硫黄除去処理後の脱硫スラグをカラムAから回収し、回収した脱硫スラグを風乾後に篩い分けして、粒度ごとに脱硫スラグの硫黄含有量を分析した。その結果、硫黄除去処理後の脱硫スラグのうち粒径が0.5mm以下の脱硫スラグは、硫黄含有量が25.2mass%であり、硫黄が濃縮されていることが明らかになった。

Claims (12)

  1. 高炉溶融スラグに接触させたpH8以上の高炉吹製水を、空気に曝露してpHを8未満に低下させる高炉吹製水処理工程と、該高炉吹製水処理工程後の高炉吹製水を、酸素存在下で15℃以上80℃以下の温度範囲に管理しながら硫黄を含有するスラグと接触させる固液接触工程とを有することを特徴とするスラグの硫黄除去処理方法。
  2. 前記固液接触工程における前記温度範囲を40℃以上80℃以下とすることを特徴とする請求項1に記載のスラグの硫黄除去処理方法。
  3. 前記高炉吹製水処理工程において、高炉吹製水に、硫黄、窒素、リン、マグネシウム、鉄、亜鉛、マンガン、コバルト、ニッケル、ホウ素、モリブデン、銅の単体もしくは化合物を添加することを特徴とする請求項1または2に記載のスラグの硫黄除去処理方法。
  4. 前記固液接触工程の前に、前記スラグを二酸化炭素または炭酸塩で処理するスラグ前処理工程を設けることを特徴とする請求項1ないし3のいずれかに記載のスラグの硫黄除去処理方法。
  5. 前記固液接触工程の後に、前記高炉吹製水と接触させた後のスラグと前記高炉吹製水とを分離する固液分離工程を有することを特徴とする請求項1ないし4のいずれかに記載のスラグの硫黄除去処理方法。
  6. 前記固液接触工程および前記固液分離工程を、少なくとも1回以上繰り返すことを特徴とする請求項5に記載のスラグの硫黄除去処理方法。
  7. 前記固液分離工程で分離した高炉吹製水を、前記固液接触工程において再利用することを特徴とする請求項5または6に記載のスラグの硫黄除去処理方法。
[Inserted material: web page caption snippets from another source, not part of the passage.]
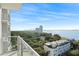 Scenic view from the balcony overlooking the city skyline, trees, and ocean at 2910 W Barcelona St # 903, Tampa, FL 33629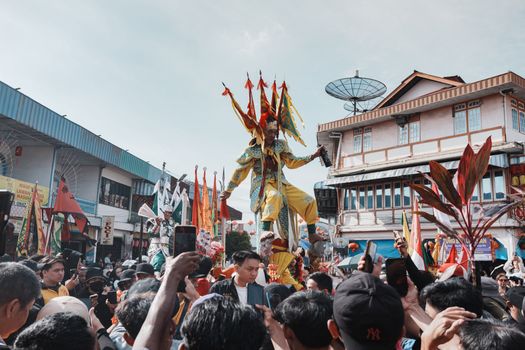 Vibrant traditional festival parade in Singkawang, West Kalimantan, featuring colorful costumes and crowd.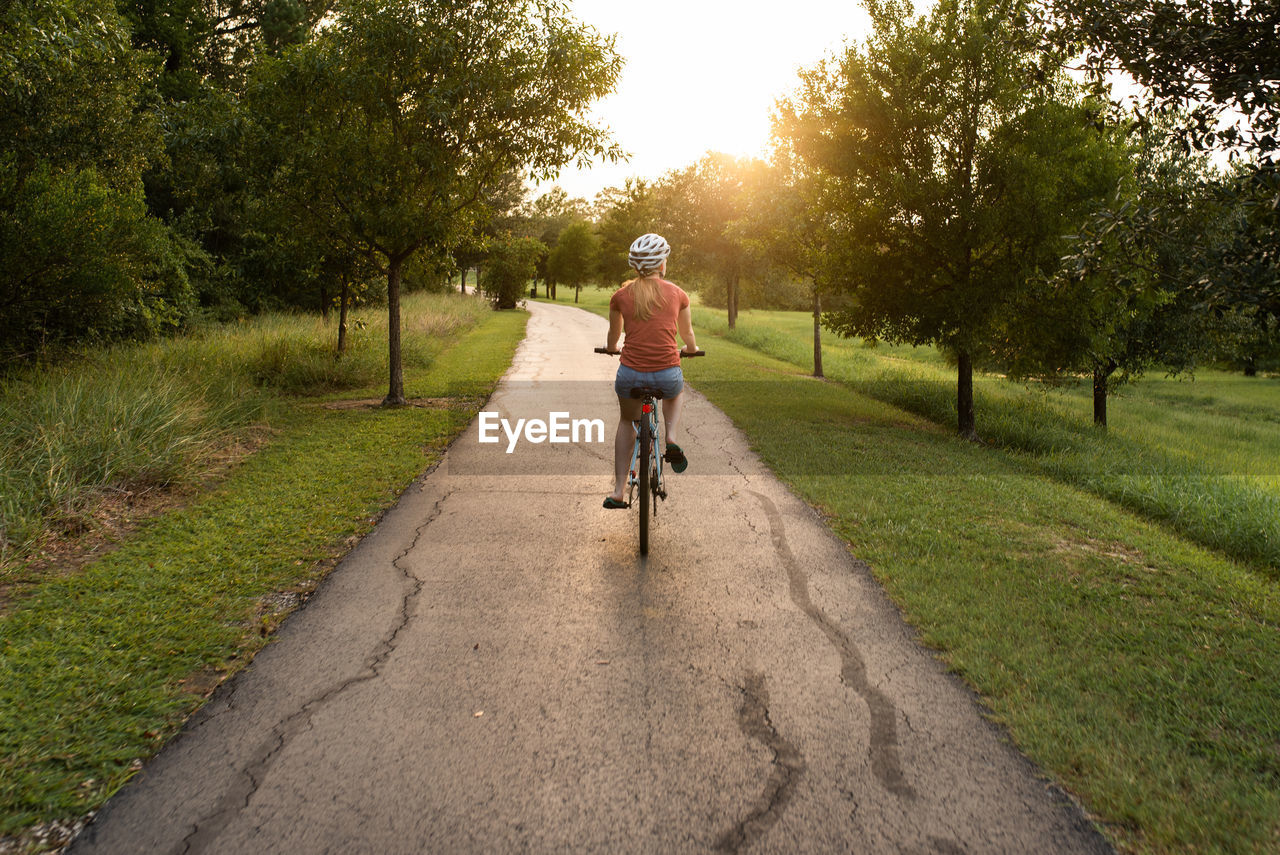 Rear view of young woman riding bicycle on road while wearing a helmet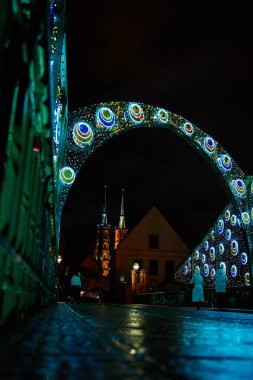 Renkli ışıklarla süslenmiş köprü ve aydınlatılmış katedral kuleleri. Gece Vaftizci Aziz John Katedrali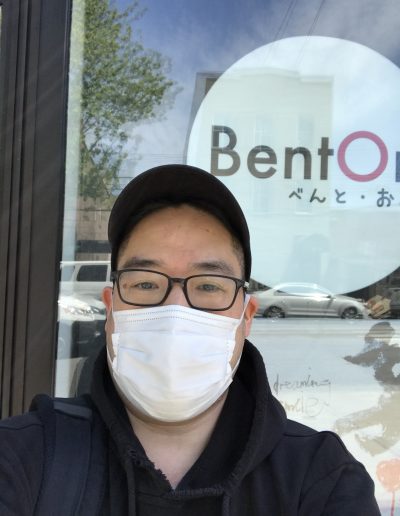 A man wearing a mask standing outside of BentOn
  8. 前記固液分離工程で分離したスラグを、篩い分けし、該スラグから細粒を除去することを特徴とする請求項5ないし7のいずれかに記載のスラグの硫黄除去処理方法。
  9. 前記固液接触工程の後に、前記高炉吹製水と接触させた後のスラグに水を接触させて該スラグを水洗する水洗工程を設けることを特徴とする請求項1ないし4のいずれかに記載のスラグの硫黄除去処理方法。
  10. 前記水洗工程の後に、水洗後のスラグから水を除去する脱水工程を設けることを特徴とする請求項9に記載のスラグの硫黄除去処理方法。
  11. 前記固液接触工程、前記水洗工程および前記脱水工程を、少なくとも1回以上繰り返すことを特徴とする請求項10に記載のスラグの硫黄除去処理方法。
  12. 前記脱水工程で脱水したスラグを、篩い分けし、該スラグから細粒を除去することを特徴とする請求項10または11に記載のスラグの硫黄除去処理方法。